Um jardim cheio de luz

Três anos depois deste post, lá fui eu visitar o jardim do Centro de Arte Moderna (CAM) da Gulbenkian, no seu primeiro dia de abertura ao público. Estava, claro, a abarrotar de gente, e não consegui fotografar o espaço como queria, mas passei meia hora de pé junto a uma coluna de som a ouvir a conversa entre Kengo Kuma (o arquiteto responsável pelo projeto de renovação do CAM) e Benjamin Weil (o diretor do museu) debaixo da enorme pala. Fui até lá movido puramente pela curiosidade, mas um lampejo de inspiração levou-me a gravar a conversa com o telemóvel. São algumas frases dessa conversa, aliadas às fotografias que tirei do jardim nos dias seguintes (mais uma ideia inspirada, pois as tardes de sol escassearam bastante depois disso), que motivaram este texto no Viagens.

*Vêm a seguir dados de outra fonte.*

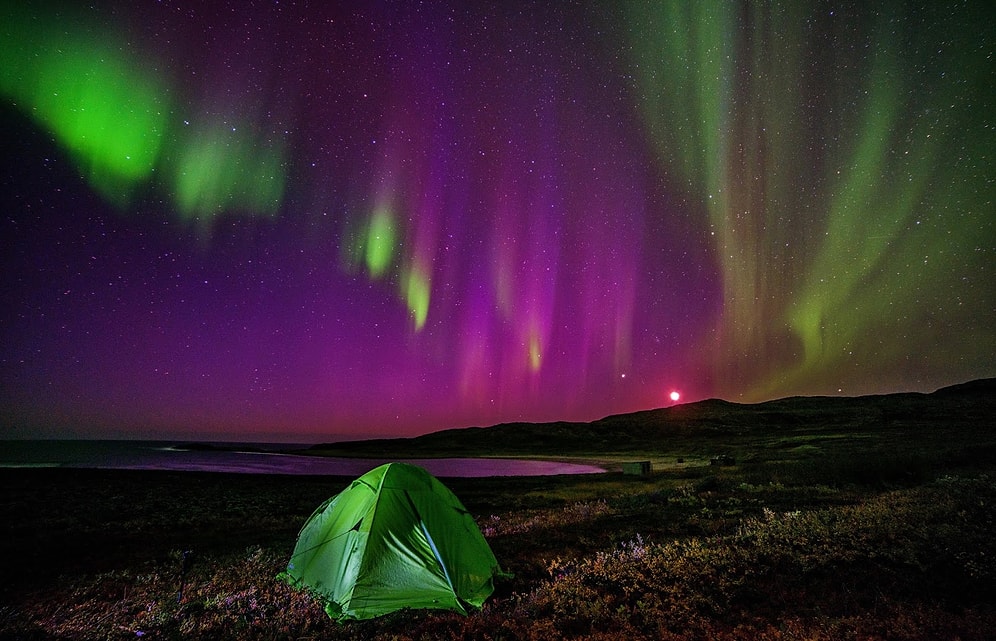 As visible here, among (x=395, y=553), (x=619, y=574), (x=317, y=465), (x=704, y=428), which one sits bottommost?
(x=317, y=465)

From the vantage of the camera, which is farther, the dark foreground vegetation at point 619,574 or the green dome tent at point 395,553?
the green dome tent at point 395,553

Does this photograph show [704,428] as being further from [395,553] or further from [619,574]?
[395,553]

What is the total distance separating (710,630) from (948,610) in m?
3.98

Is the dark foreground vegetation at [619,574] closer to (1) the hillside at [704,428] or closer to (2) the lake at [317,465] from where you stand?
(2) the lake at [317,465]

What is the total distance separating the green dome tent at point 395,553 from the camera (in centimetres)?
860

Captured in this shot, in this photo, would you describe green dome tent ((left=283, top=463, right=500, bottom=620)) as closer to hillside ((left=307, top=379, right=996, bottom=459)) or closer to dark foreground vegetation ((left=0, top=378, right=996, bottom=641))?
dark foreground vegetation ((left=0, top=378, right=996, bottom=641))

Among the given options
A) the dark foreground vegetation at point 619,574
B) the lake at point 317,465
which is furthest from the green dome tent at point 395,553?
the lake at point 317,465

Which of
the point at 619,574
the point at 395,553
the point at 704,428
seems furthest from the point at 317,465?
the point at 704,428

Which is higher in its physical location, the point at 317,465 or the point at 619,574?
the point at 619,574

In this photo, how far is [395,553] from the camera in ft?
29.5

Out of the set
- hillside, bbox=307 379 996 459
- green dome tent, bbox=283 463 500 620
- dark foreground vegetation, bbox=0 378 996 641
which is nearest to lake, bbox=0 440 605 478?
hillside, bbox=307 379 996 459

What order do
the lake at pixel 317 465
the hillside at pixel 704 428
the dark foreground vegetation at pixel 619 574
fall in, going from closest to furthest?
1. the dark foreground vegetation at pixel 619 574
2. the lake at pixel 317 465
3. the hillside at pixel 704 428

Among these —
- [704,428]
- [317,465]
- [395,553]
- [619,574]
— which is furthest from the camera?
[704,428]

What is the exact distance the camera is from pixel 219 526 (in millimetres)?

Se leram o meu post de 2021, vão reconhecer alguns ecos do mesmo. Se mais nada, todavia, vão pelas fotografias. Acho que refletem bem a ideia de um jardim banhado em luz, sobretudo a clareira junto ao edifício. É um espaço realmente convidativo e diferente de qualquer outro na cidade, parece-me, até mesmo de qualquer outro no Jardim da Gulbenkian. Admito que possa estar um pouco sugestionado, depois de ler tanto sobre o projeto do renovado CAM, mas sente-se ali uma ligação mais forte entre jardim e museu. Acho que vai dar um sítio ótimo para experimentar, aprender e apreciar coisas novas.

E, claro, para correr. Foi o que mais vi fazer ali nos primeiros dias em que lá passei, às primeiras horas da manhã e às últimas da tarde, sempre com a minha máquina fotográfica. Publiquei mais algumas fotografias do que vi aqui, se quiserem espreitar. Estou cheio de curiosidade para ver como outros vão ver, desfrutar e criar neste jardim.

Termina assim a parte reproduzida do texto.